Wednesday, February 28, 2018

Designing Online Learning Experiences That Empower Students

Earlier this year, I was inspired by a teacher who required her students to assess their prior knowledge and then choose their learning path for each lesson. Soon after, my co-teacher and I made specific changes to our math workshop in order to increase student agency and ownership in our own classroom. Our goal was to provide ways for students to direct their own learning while also considering long-term projects as performance assessments.

I’ve recently started learning more about empowering students from author John Spencer. In this short video, he suggests 10 ways teachers can start offering choice for their learners.

I considered each of these suggestions when designing my latest online math content, a learning quest through Classcraft. My students engaged with this quest during their independent work time in math workshop over the course of four weeks. Each task in our quest includes a part of our fictional story from our “realm,” lesson content, assessments, and game rewards for student players.

Each location on the map contains lesson content and
learning tasks for students to complete. 

Student Choice in Daily Learning

Each learning task includes a variety of teaching materials such as charts, videos, songs, and examples. Students can choose how they want to learn and practice each skill.

My students are able to choose which topics they practice first. They can build their confidence with topics that were easy for them to understand during small group instruction or they can choose a more challenging task.

We provide students with ongoing instruction in each topic as they progress toward mastery, allowing them to spend more or less time on a topic based on their need.

My students determine when they will take the formative assessments for each topic based on their personal progress.

Student Choice in Final Performance Assessments

Project Format
When many students have shown mastery of most of the topics, we give students choice about how they want to demonstrate their learning with final performance assessments. Students can choose the format, audience, and specific topic of their project.

Project Management
While working on projects, students manage their own work.
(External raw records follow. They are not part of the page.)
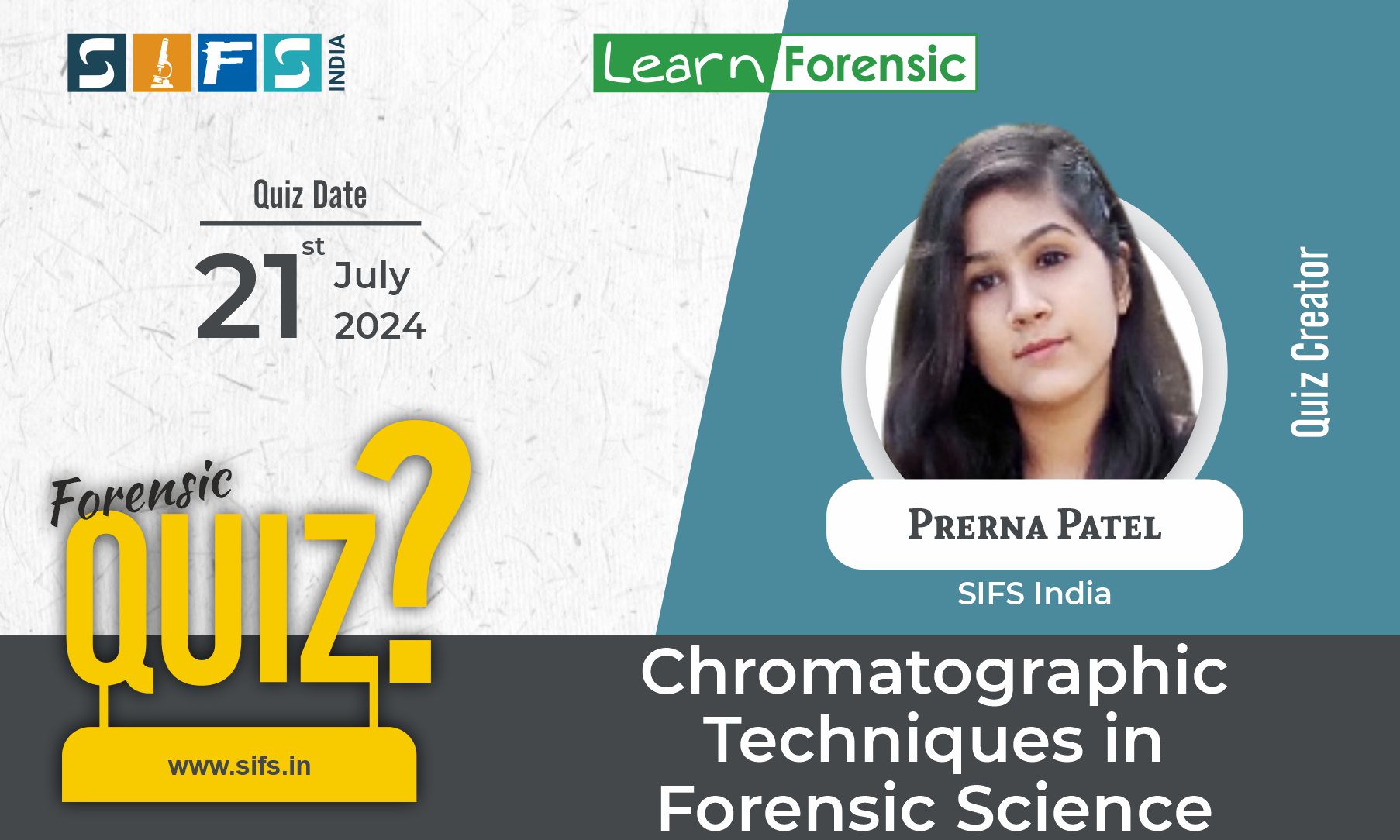 Chromatographic Techniques in Forensic Science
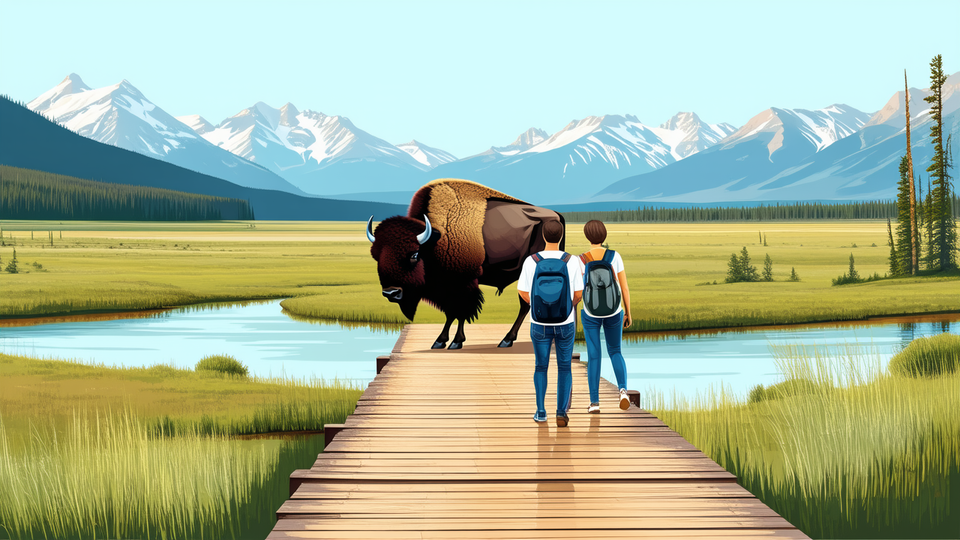 Tourists' Close Encounter with Yellowstone Bison Sparks Safety Concerns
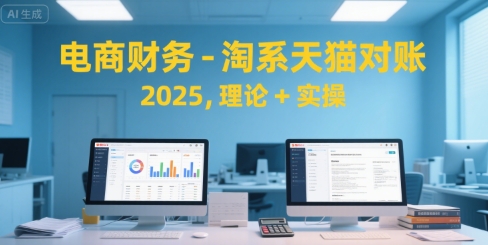 电商财务-淘系天猫对账2025，理论+实操-玩备项目资源网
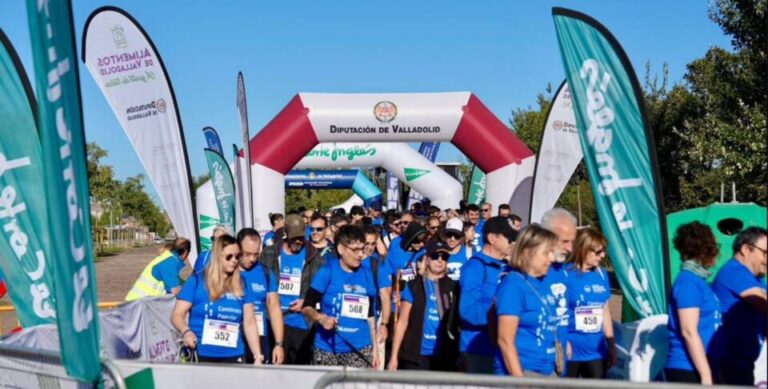 Más de 800 personas participan en la VII Caminata Popular a beneficio del Banco de Alimentos de Valladolid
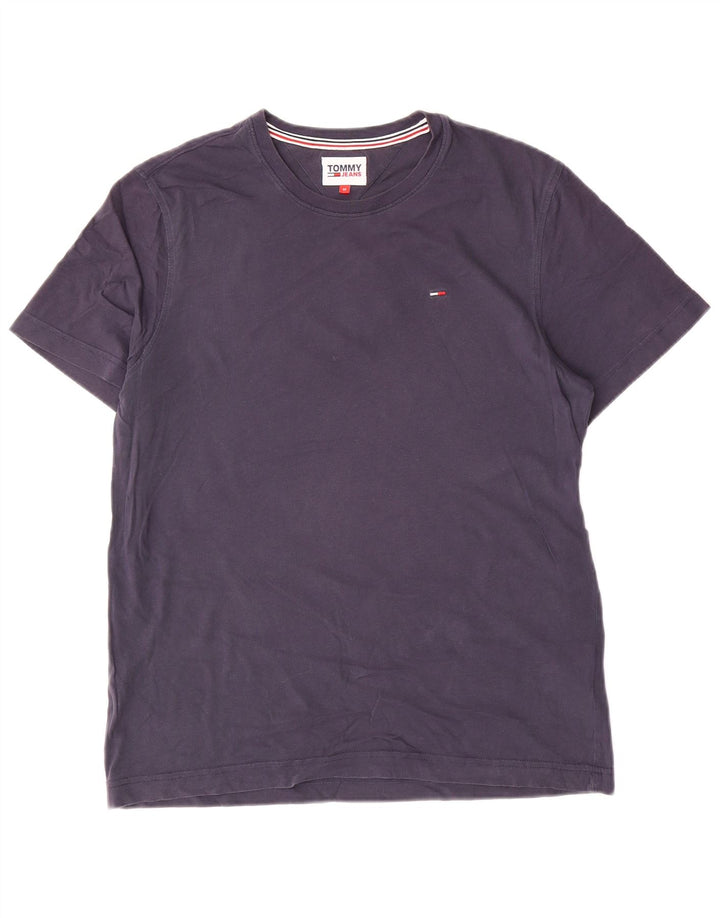 Tommy Hilfiger T-Shirt Homme Bleu Marine Moyen Coton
My role as the teacher is to help students stay on track and provide additional resources as the need arises.

Students have chosen final project ranging from paper and pencil tasks
to creating teaching videos and using manipulatives to model a problem.

Evidence of Empowered Students

One of the benefits of teaching in small groups in a math workshop format is that my co-teacher and I have a clear picture of each student’s progress toward mastery. At the same time, we want our students advocating for their learning needs. Part of what makes this possible is the visual aspect of the quest map. It makes it very easy for students to track their own progress, plus they are motivated to complete tasks to gain points toward leveling up. We have found that students are advocating for their learning needs more often by expressing their need for additional face-to-face help with specific topics. This is empowered learning!